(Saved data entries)
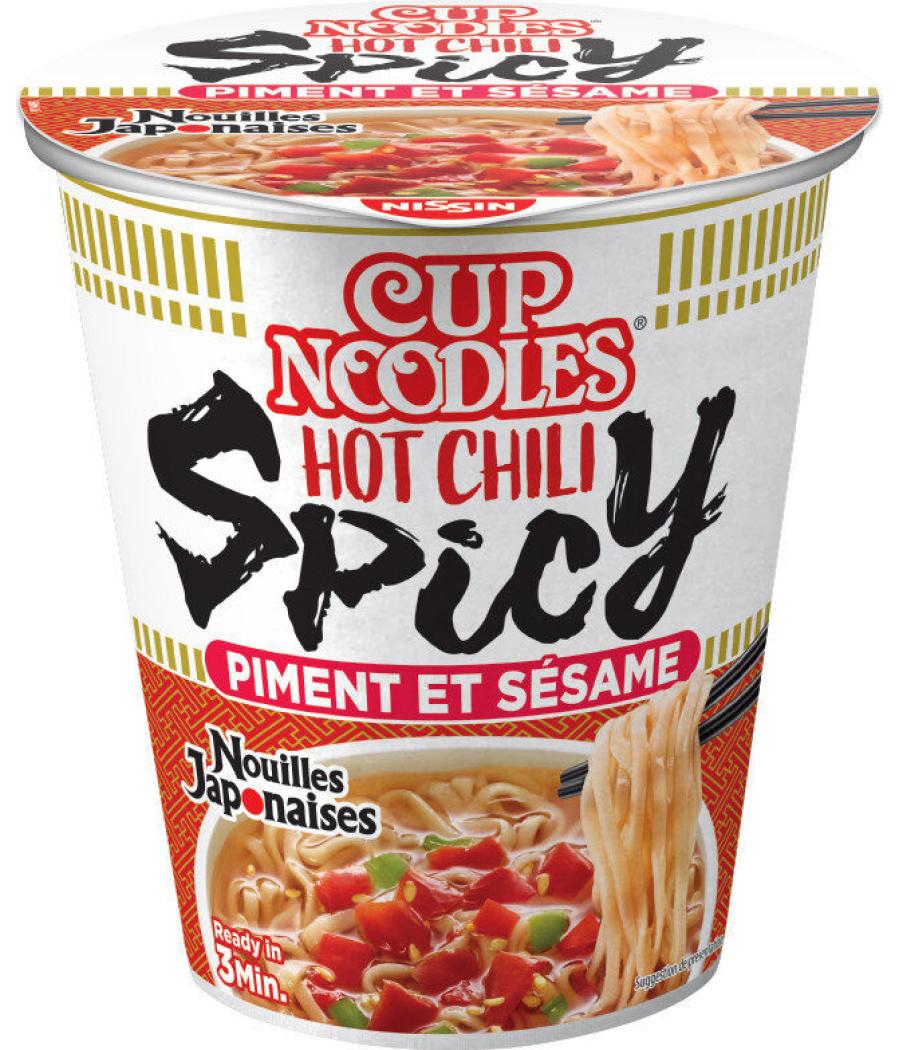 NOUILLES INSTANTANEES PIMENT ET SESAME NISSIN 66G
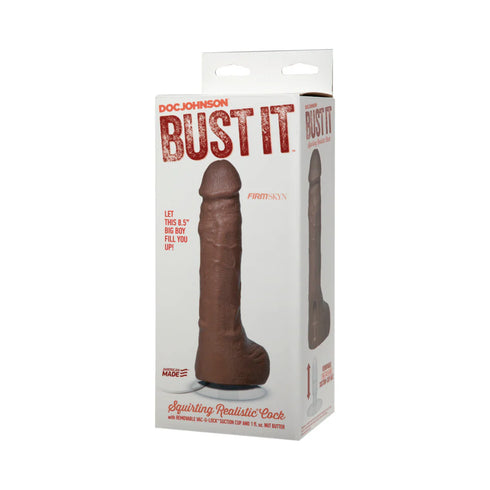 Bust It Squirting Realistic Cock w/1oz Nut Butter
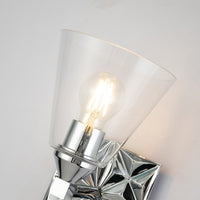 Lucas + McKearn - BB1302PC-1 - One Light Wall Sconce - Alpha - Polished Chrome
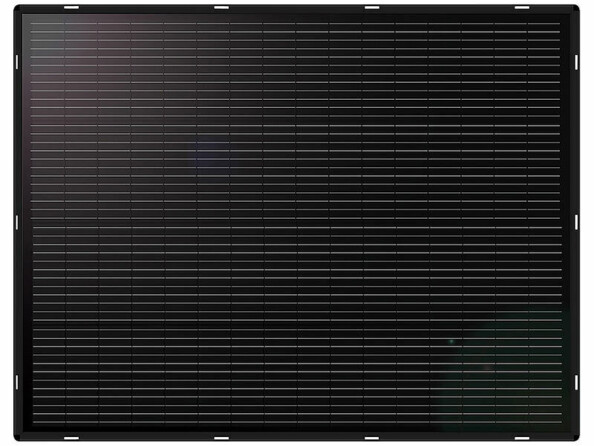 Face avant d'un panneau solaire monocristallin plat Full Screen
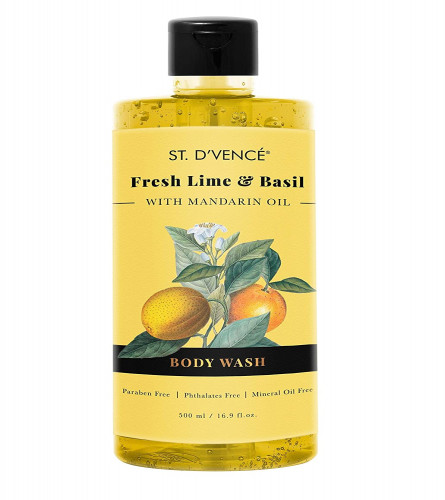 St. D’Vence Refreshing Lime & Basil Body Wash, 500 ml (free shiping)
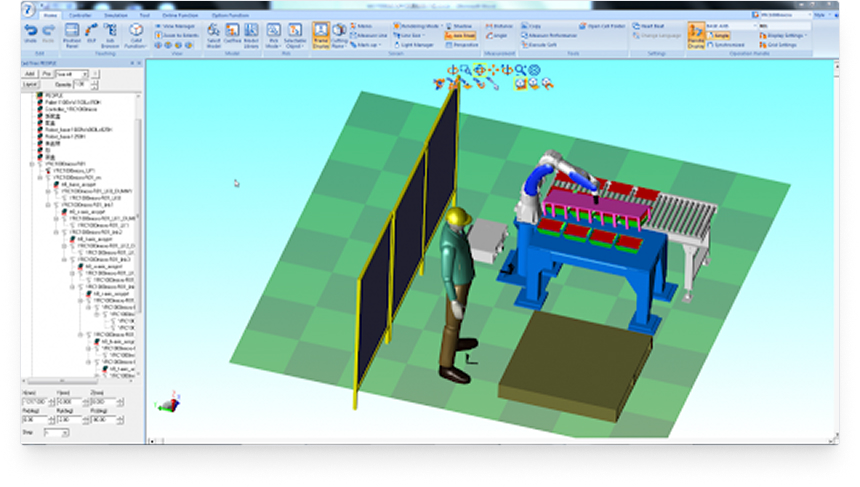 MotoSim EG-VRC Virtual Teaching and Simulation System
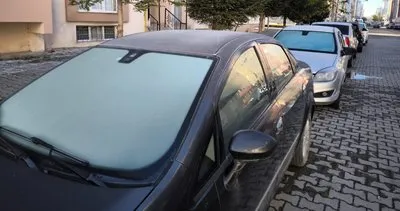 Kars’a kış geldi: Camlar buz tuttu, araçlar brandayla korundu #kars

__What is required__. Once you find the line that contains "MotoSim EG-VRC Virtual", give it again along with every later line through the end of the data, word for word, minus the pictures.

__Answer to the exercise__.
 MotoSim EG-VRC Virtual Teaching and Simulation System
 Kars’a kış geldi: Camlar buz tuttu, araçlar brandayla korundu #kars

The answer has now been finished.